EXERCISE AIM: Output exactly the lines from the line that has "Nissan Sentra Vehicle Image 17" through the last line of the data below, with no pictures.

SOURCE RECORDS:

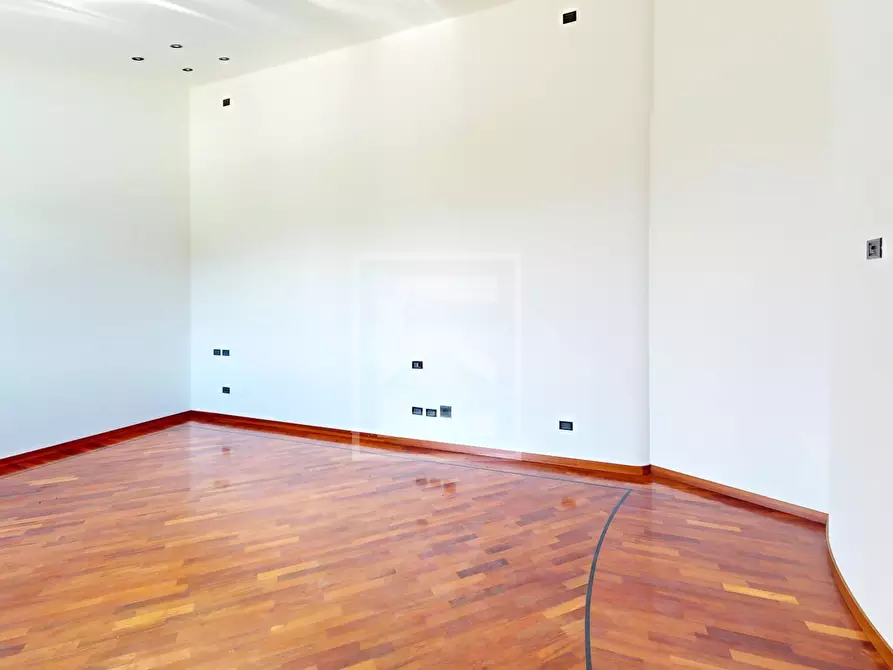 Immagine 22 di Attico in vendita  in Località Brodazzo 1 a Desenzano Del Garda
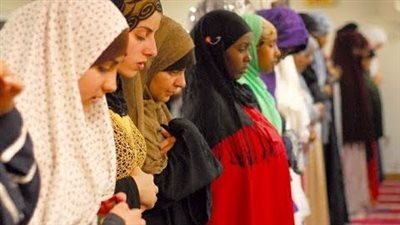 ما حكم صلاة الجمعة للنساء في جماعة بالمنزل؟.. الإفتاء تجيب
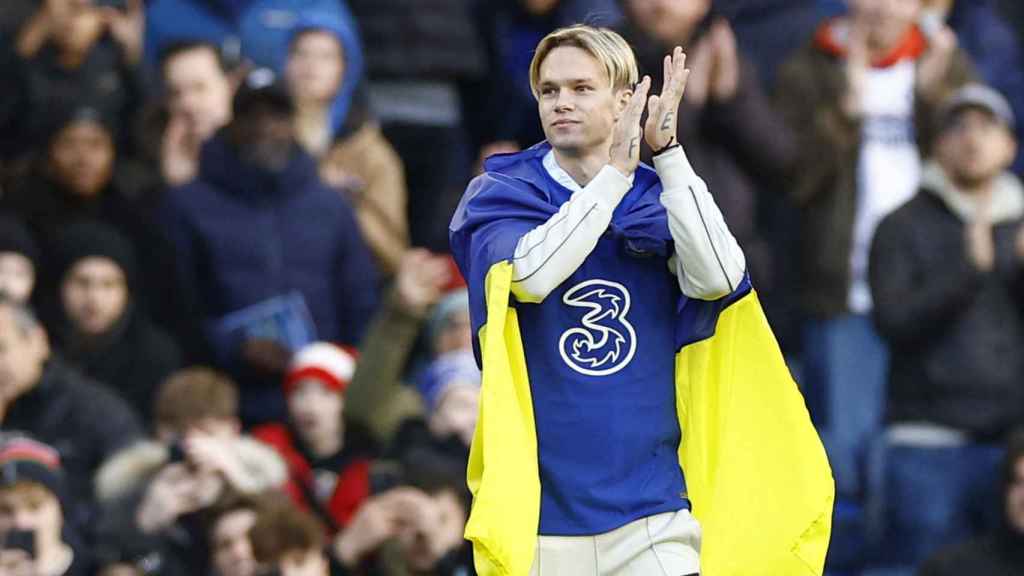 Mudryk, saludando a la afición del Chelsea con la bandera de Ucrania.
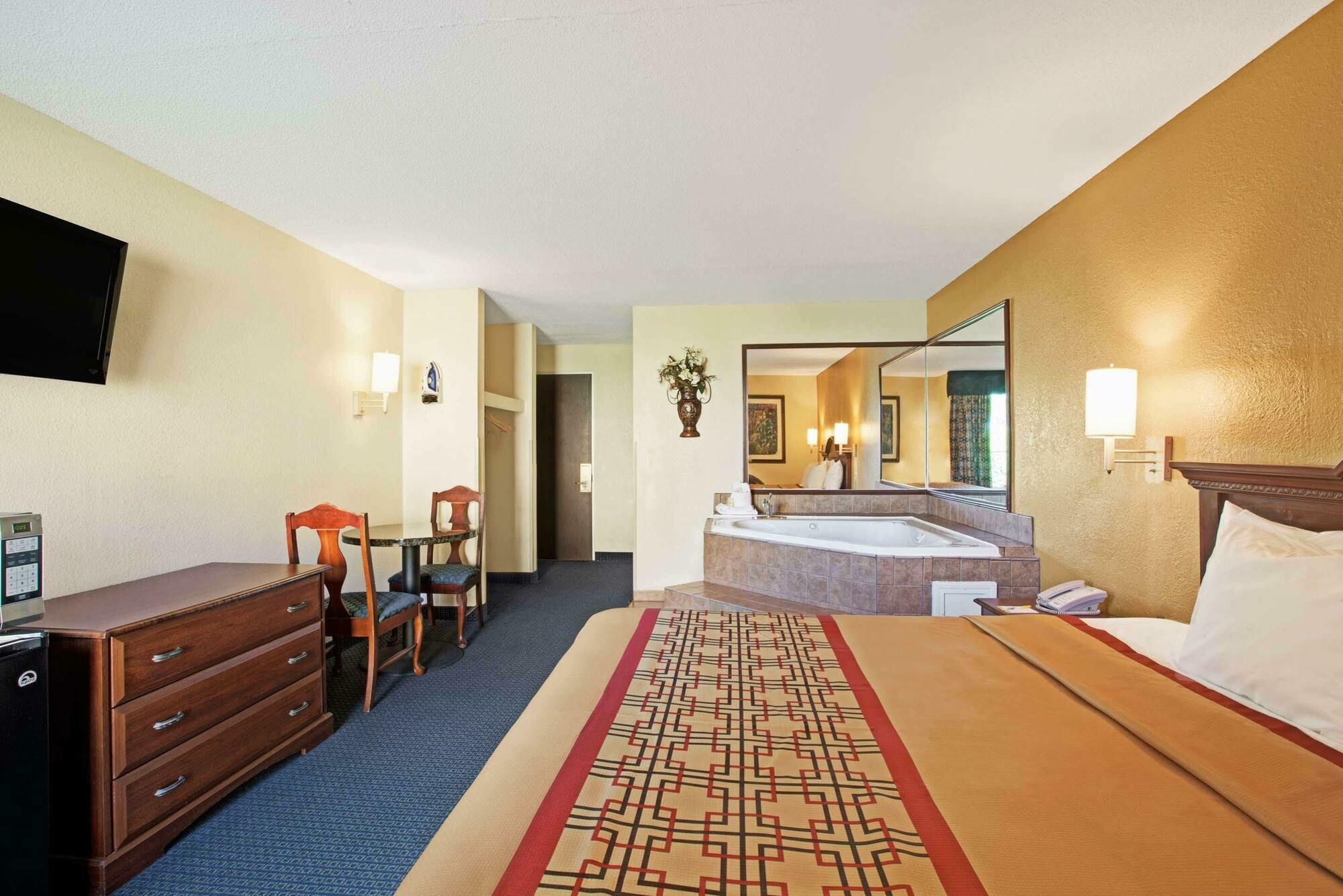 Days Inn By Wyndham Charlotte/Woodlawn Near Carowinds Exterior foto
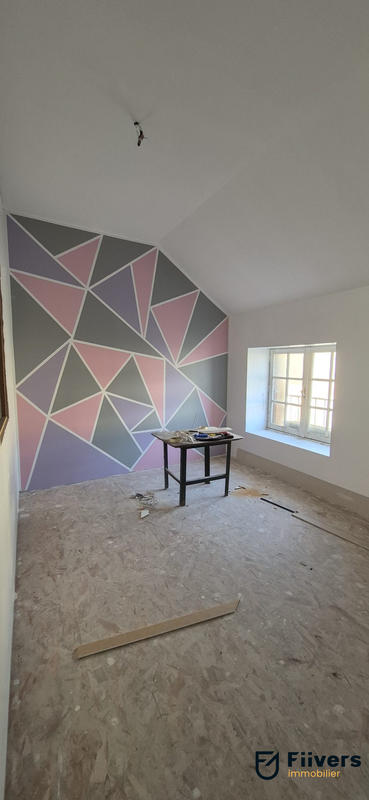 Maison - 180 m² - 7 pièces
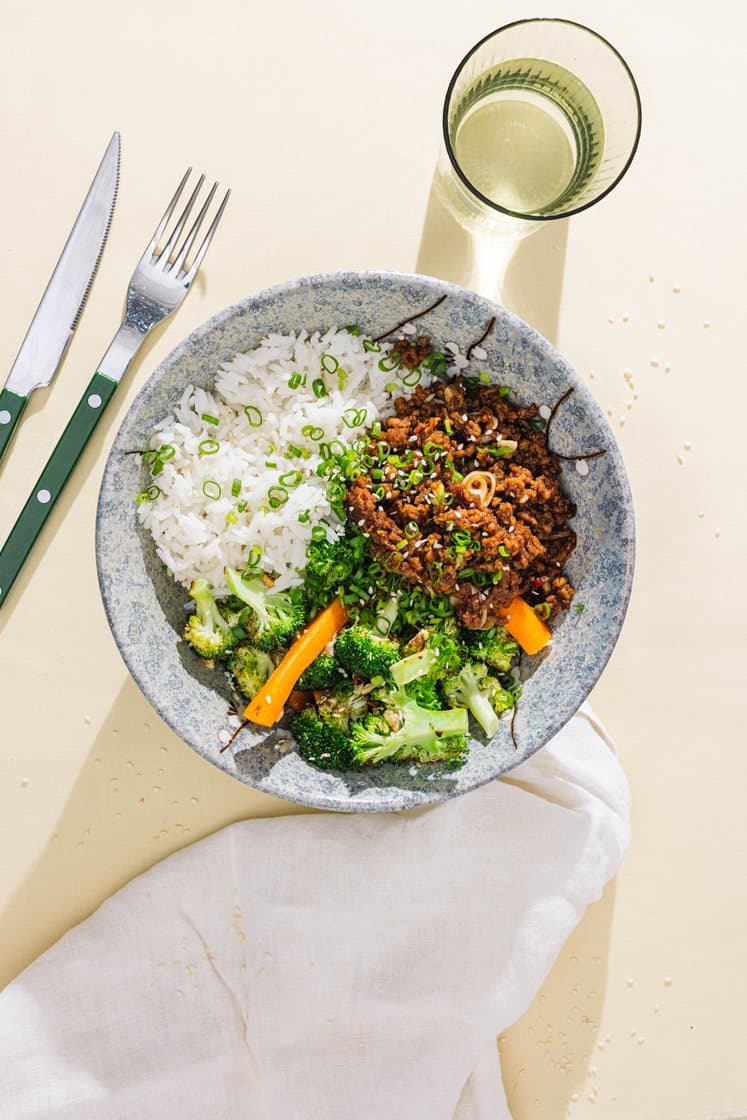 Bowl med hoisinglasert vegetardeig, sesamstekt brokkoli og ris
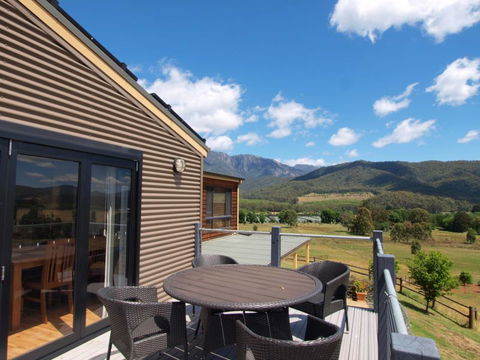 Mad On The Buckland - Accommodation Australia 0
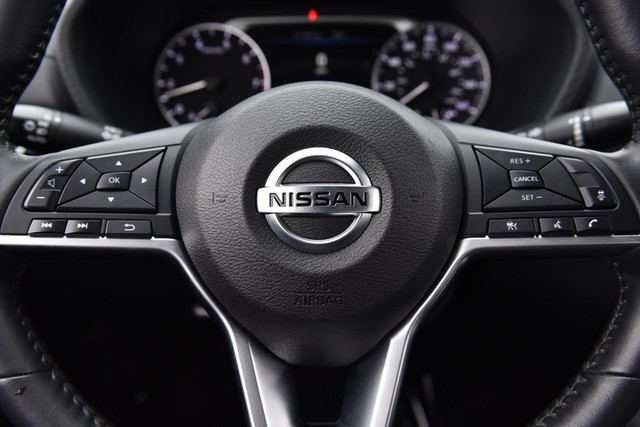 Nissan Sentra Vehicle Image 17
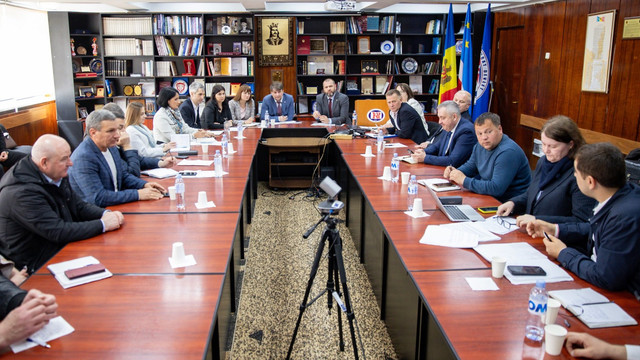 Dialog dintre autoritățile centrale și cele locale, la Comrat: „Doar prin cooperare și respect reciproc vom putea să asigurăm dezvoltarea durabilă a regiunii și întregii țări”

SOLUTION FOR THIS TASK:
 Nissan Sentra Vehicle Image 17
 Dialog dintre autoritățile centrale și cele locale, la Comrat: „Doar prin cooperare și respect reciproc vom putea să asigurăm dezvoltarea durabilă a regiunii și întregii țări”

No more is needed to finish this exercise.